As millions of Americans watch the New England Patriots take on the Philadelphia Eagles, every minute of the game will be scrutinized, with slow-motion replays and a torrent of statistics. But, amid the cheers and groans, don’t expect to hear complaints from fans about the players’ multi-million dollar salaries–$5.4 million on average for starting quarterbacks, and far more to exceptional players. Fans know just what the players had to accomplish to reach the Super Bowl and recognize that the players have earned their pay, that the MVPs are indispensable to their teams, that it is morally proper to reward achievement.
But that spirit of justice disappears by springtime, when corporations file their financial statements. It is then that we learn how much America’s CEOs got paid last year. In a ritual now sadly as commonplace as Super Bowl parties, CEOs are annually reviled as overpaid fat-cats. The 25 highest-paid CEOs in 2003 earned an average of $32.7 million–and there were a good number whose compensation packages approached the $100 million mark. Astonished to learn that what an average worker earns in a year, some CEOs earn in less than a week–some people ask themselves: “How can the work of a corporate paper-pusher be worth so many millions of dollars?”
The answer is that successful CEOs are as indispensable to their companies as Super Bowl-winning quarterbacks are to their teams. They earn their rewards.
How big an influence can one man have on the fortunes of an entire corporation? Consider the impact of Jack Welch on General Electric. Before his tenure as CEO, the company was a bloated giant, floundering under its own weight. Splintered into dozens of distinct and inefficient business units, GE was scarcely making a profit. Welch turned it around. He streamlined and reorganized the company’s operations and implemented a sound business strategy yielding more than $400 billion worth of shareholder wealth.
In business, as in football, success requires long-range thinking. But CEOs must project a game plan in terms not merely of a single game or season, but of years and decades. A biotechnology company, for example, may spend 15 years and billions of dollars developing a new cancer-fighting medicine. Success is impossible without the business acumen of its CEO. For years before a marketable product exists, he must raise sufficient capital to sustain the research. What long-term business model will attract venture capital? Should the company accept partial short-term sponsorship from a large drug manufacturer in exchange for a modest royalty on the drug in the future–or risk going it alone and possibly running out of funds? It is on such decisions that a company’s success is made–and lives of cancer patients may depend.
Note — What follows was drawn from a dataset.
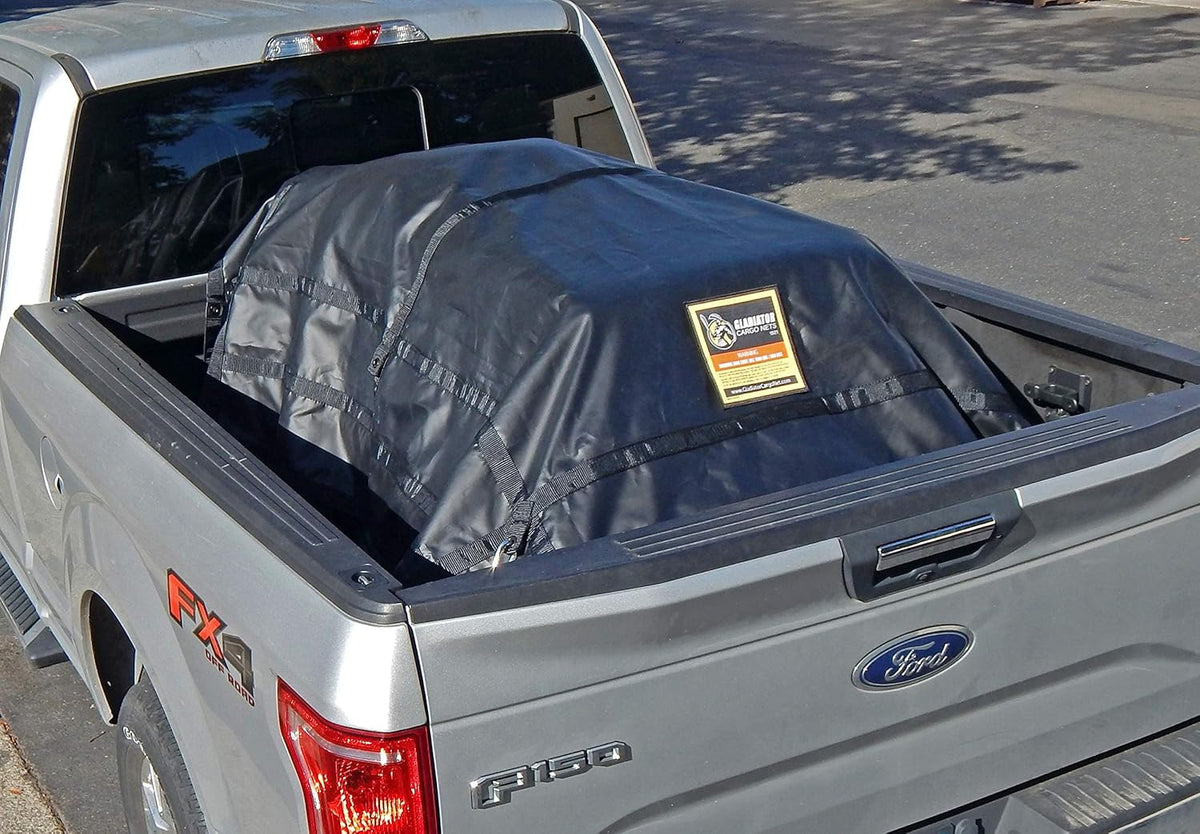 Waterproof Heavy Duty Truck Cargo Net Tarp Small 4.75' x 6' E5645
In order to be successful in the long range, the CEO’s strategy must encompass countless factors. He must devise a game plan to grow the business in the face of competitors, not only from its own league, but from all the leagues around the world. The CEO calls the plays, but for a team of tens (and sometimes hundreds) of thousands of workers. Every action of every employee and every aspect of the business must be coordinated and integrated to produce the cars, computers or CAT scanners that yield profits to the company. It is the CEO who is responsible for that integration.
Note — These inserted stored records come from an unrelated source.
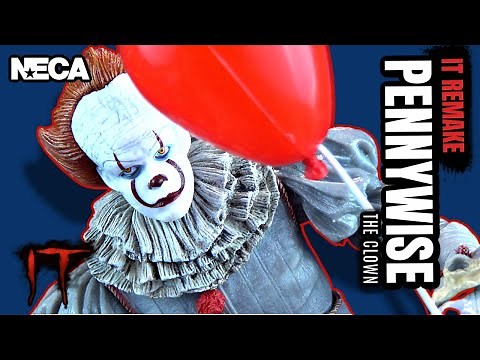 NECA IT 2017 Ultimate Pennywise The Clown | Video Review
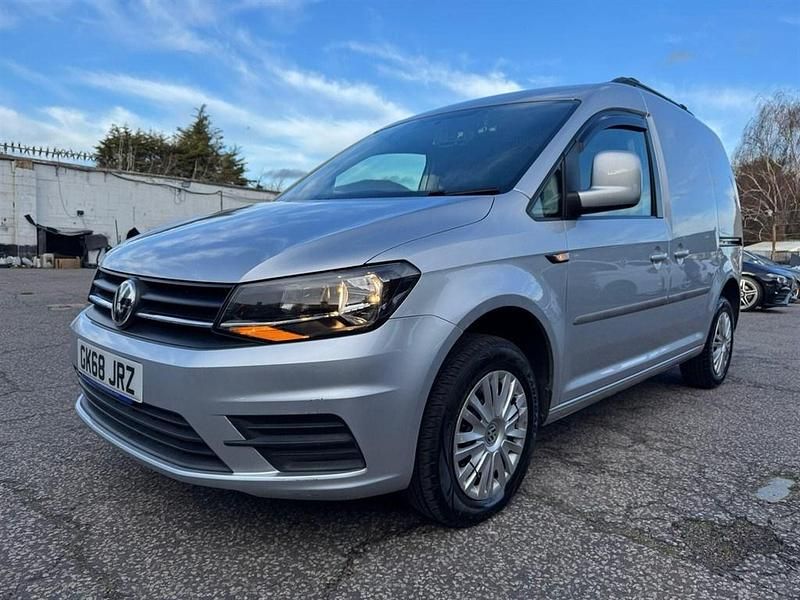Used VW Caddy Trendline 102 HP (75 kW) 2018 Silver MPV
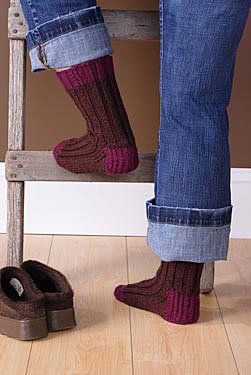 Boot Socks Pattern
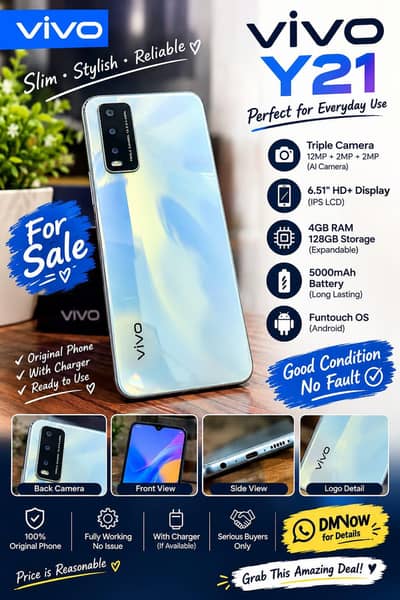 Vivo Y21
To successfully steer a corporation across the span of years by integrating its strengths for the purpose of creating wealth, requires from the CEO exceptional thought and judgment. Excellent CEOs are as rare as NFL-caliber quarterbacks. And in the business world, every day is the Super Bowl. There is no off-season or respite from the need to perform at one’s peak.
Given the effect a CEO can have on a company’s success, we can understand why their compensation packages can be so high. One way employers (like team owners) reward excellence is through bonuses. For many CEOs, bonuses amount to a large portion of their earnings. And as with quarterbacks, the CEO’s pay package is calculated with an eye on the competition. Companies pay millions of dollars to a valuable CEO, one who they judge will produce wealth for the shareholders, in part so he will not be hired away by a competitor.
Americans can see with their own eyes the merits of star quarterbacks. Though the efforts of CEOs are not televised to the whole nation on a Sunday afternoon, their achievements are just as real and have a profound benefit to all our lives. Just as we admire a quarterback’s athletic prowess and understand the importance of rewarding him accordingly; so we should learn to appreciate the work of successful CEOs and recognize that they too deserve every penny of their salaries.